In the 70s Margaret Thatcher came to power in Britain and Ronald Reagan in the US. They were of the opinion that welfarism and government role were an impediment to economic development. The basis of neo-liberalism is the idea that the market is the prime determinant of not only prices of goods, and matters related to trade and commerce, but also social characters and human values. This means there is no need for the government to intervene on behalf of the people, and market forces most efficiently guide the economy with benefits to all stakeholders. This theory was first mooted by Friedrich von Hayek, and it was more or less a refutation of welfare capitalism advocated by John Maynard Keynes, which had been in practice since the end of Word War II in 1945. Hayek advised Margaret Thatcher on the virtues of neo-liberal economic policies, and those were subsequently adopted during Reagan’s time in the US and Margaret Thatcher’s in the UK.

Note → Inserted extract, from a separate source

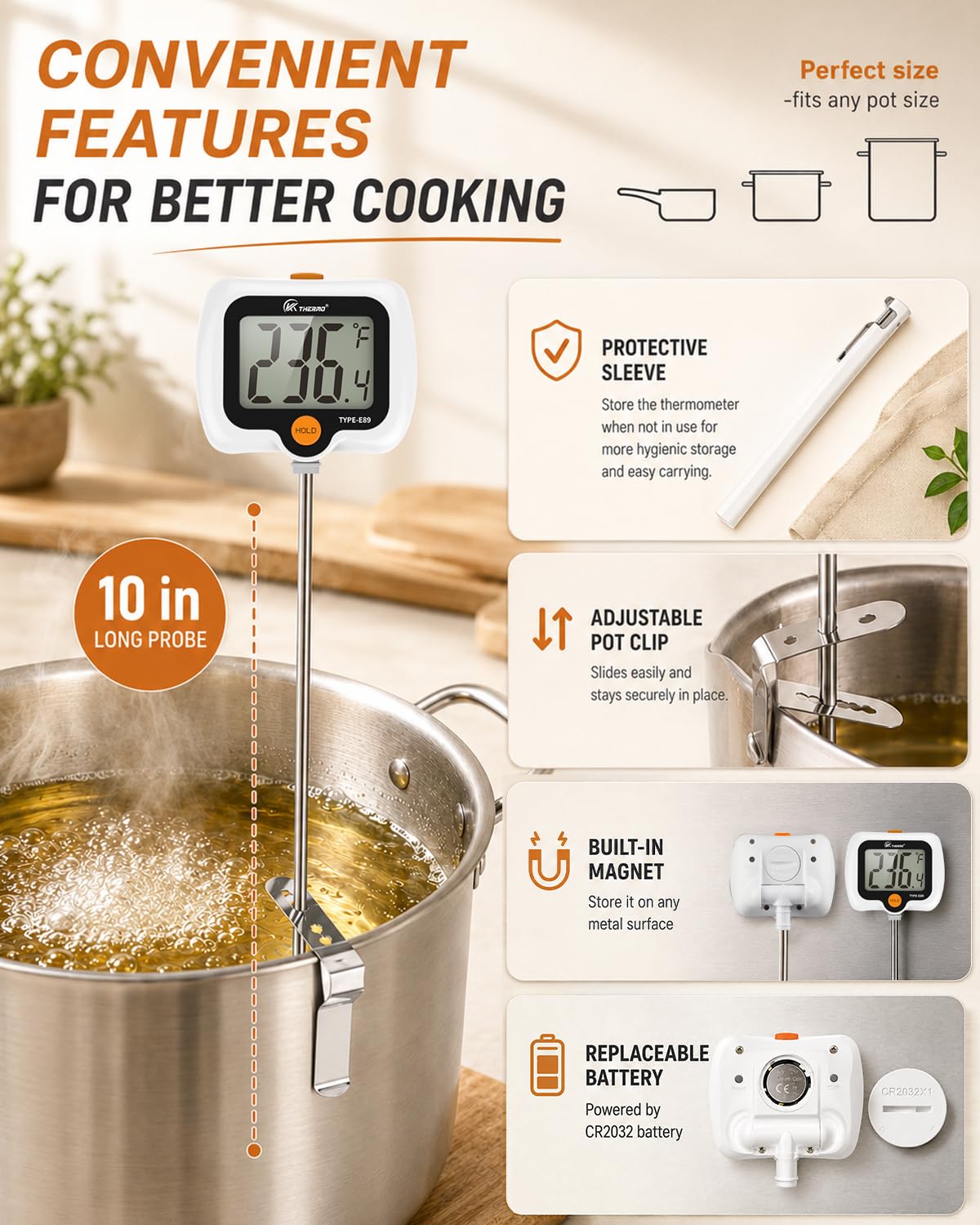 Oven Thermometer 2.75-Inch Dual Scale, 50-300°C/100-600°F, NSF 2‑Pack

These policies virtually detached the government from economic management. During the era of welfare capitalism and Keynesianism, which existed from the late 40s to the early 70s, the governments in the western countries adopted measures to protect the ordinary people from the depredations of market forces. Reagan and Thatcher, however, viewed those policies as an impediment to economic development. They believed that unrestrained market forces were a better driver of the economy. Thus were born neo-liberalism and its offshoot globalisation, which was designed to force the rest of the world to fall in line and accept their open-borders, export-led growth policy. The IMF, WTO and the World Bank were reoriented to serve this purpose.

These neo-liberal policies prevailed until the outbreak of the international debt crisis in 1982. In the latter half of the 1970s, developing countries borrowed heavily to pay for increasingly costly oil imports and to finance ambitious investment projects, many of which turned out to be white elephants. The IMF traced their problems to poor policies, unproductive borrowing, and incomplete programme implementation. In disbursing funds, the IMF became more selective about the recipients of concessional support, and required stricter and more extensive conditionality.

The 1980s the world learnt that a programme was unlikely to succeed if the impact of economic reforms on the poor—and resulting social unrest and opposition—was not addressed. This prompted the IMF to focus its help not only on poor countries, but also on the poor within countries. Analysis of poverty issues in Policy Framework Papers became a standard part of programme negotiations. Programmes continued to emphasise fiscal consolidation as a prerequisite for macroeconomic stability, but there were growing pledges to strengthen social spending, especially for health and education.

In the meantime, however, many low-income countries faced the problem of debt accumulation beyond their repaying capacity. In 1996, the IMF and the World Bank developed the Heavily Indebted Poor Country (HIPC) initiative, under which low-income countries with multi-year track records of good policies, would qualify for grants in association with their concessional loans.

The HIPC initiative soon came under heavy criticism for “offering too little relief too slowly to too few,” with only four countries obtaining a full stock of available debt relief before the end of the century. In 1999, the Bretton Woods institutions “enhanced” the initiative, by lowering the bar for judging whether debt was unsustainable, and providing debt relief and grants sooner to qualifying countries. Within three years, enhanced HIPC could deliver almost US$1 billion in debt relief to 25 countries.